Après la 7e année, mon père a obtenu une promotion et nous avons déménagé dans une autre ville. Grâce à ses relations, il m’a fait entrer dans l’école la plus prestigieuse. Et là, j’ai vu quelque chose que mes yeux n’avaient jamais vu auparavant : des vêtements de marque coûteux, le luxe. C’était inhabituel de se retrouver dans un nouvel environnement.
Je n’avais aucun doute quant à ma réussite scolaire, mais mes relations avec mes camarades de classe étaient bien pires.
À peine entrée dans la salle de classe, mes camarades m’ont jeté un regard de défi. Ils m’ont immédiatement indiqué où je devais m’asseoir – c’était un siège au fond, à côté du même garçon victime de brimades. Ce n’est qu’en classe que je me suis sentie plus en confiance, car l’enseignante était présente dans la salle. Mais dès qu’elle a franchi la porte, l’enfer a commencé, ce dont je me souviens encore, même si dix ans se sont écoulés.
J’aiété battue à plusieurs reprises dans les toilettes de manière à ce qu’aucun bleu ne soit visible, on s’est moqué de moi, mon sac à dos était sale et on m’a craché dessus. Cela s’est passé de différentes manières. Je ne sais pas comment j’ai pu tenir toutes ces années. J’avais deux amies dans la classe qui étaient victimes de brimades tout comme moi.
Ces enfants issus de familles aisées n’aimaient pas les gens du quartier. Et nous n’avions pas d’autre choix que de les supporter. C‘était très difficile. Surtout lors de la remise des diplômes, où je suis arrivé avec un costume tout neuf et une chemise blanche, et le soir, il ne restait plus que des vêtements déchirés.
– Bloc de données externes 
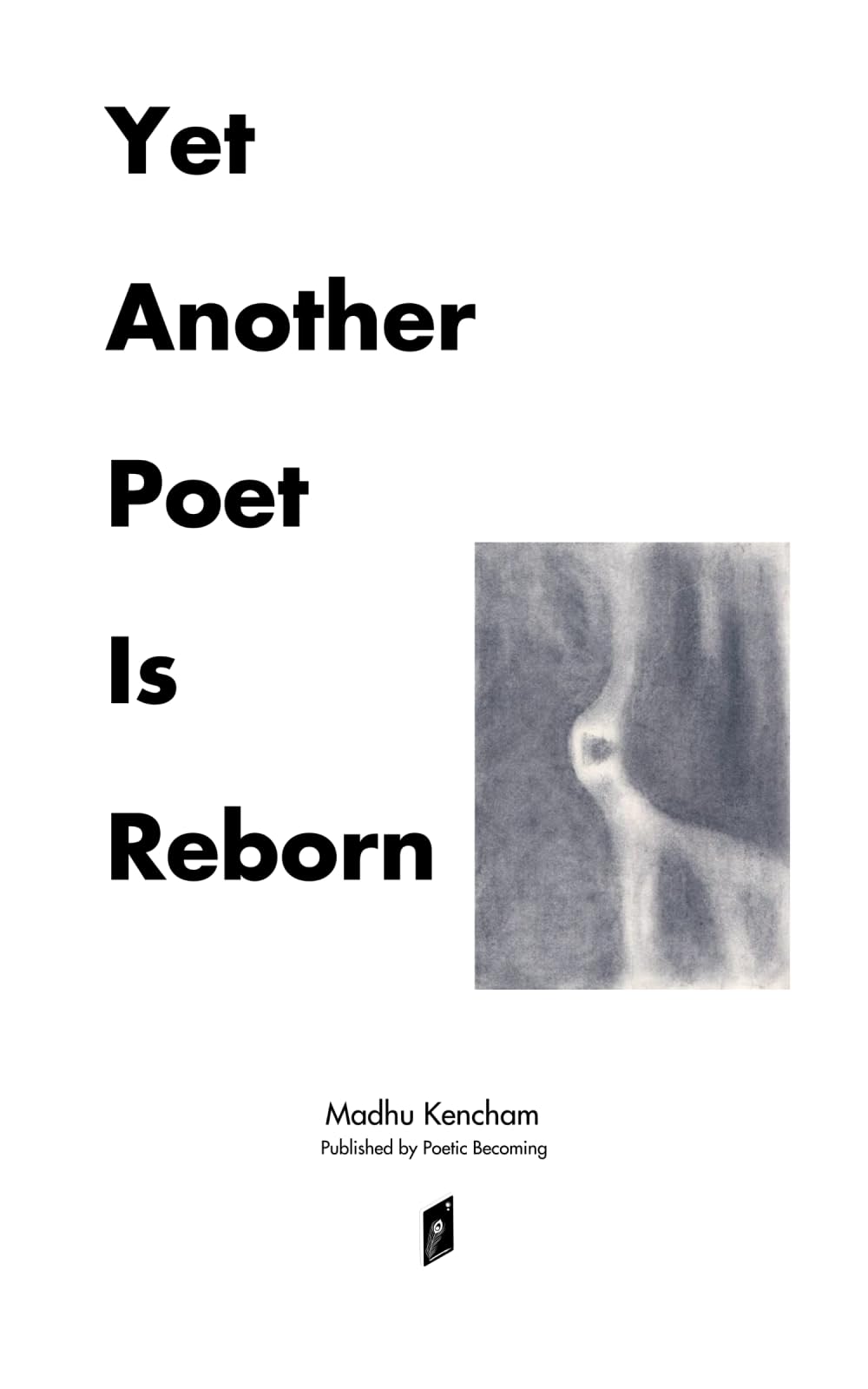 Yet Another Poet Is Reborn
J’étais gêné d’en parler à mes parents ou à mon professeur, de peur d’aggraver mon cas. Je ne voulais pas causer d’ennuis inutiles à mon père et inquiéter ma mère. J’ai survécu à tout cela.
Et je ne vous raconte pas cela pour vous apitoyer sur mon sort. Aujourd’hui, j’ai réussi, j’ai ma propre entreprise de nettoyage, j’ai la meilleure famille qui soit, sans laquelle je n’aurais pas connu un tel succès.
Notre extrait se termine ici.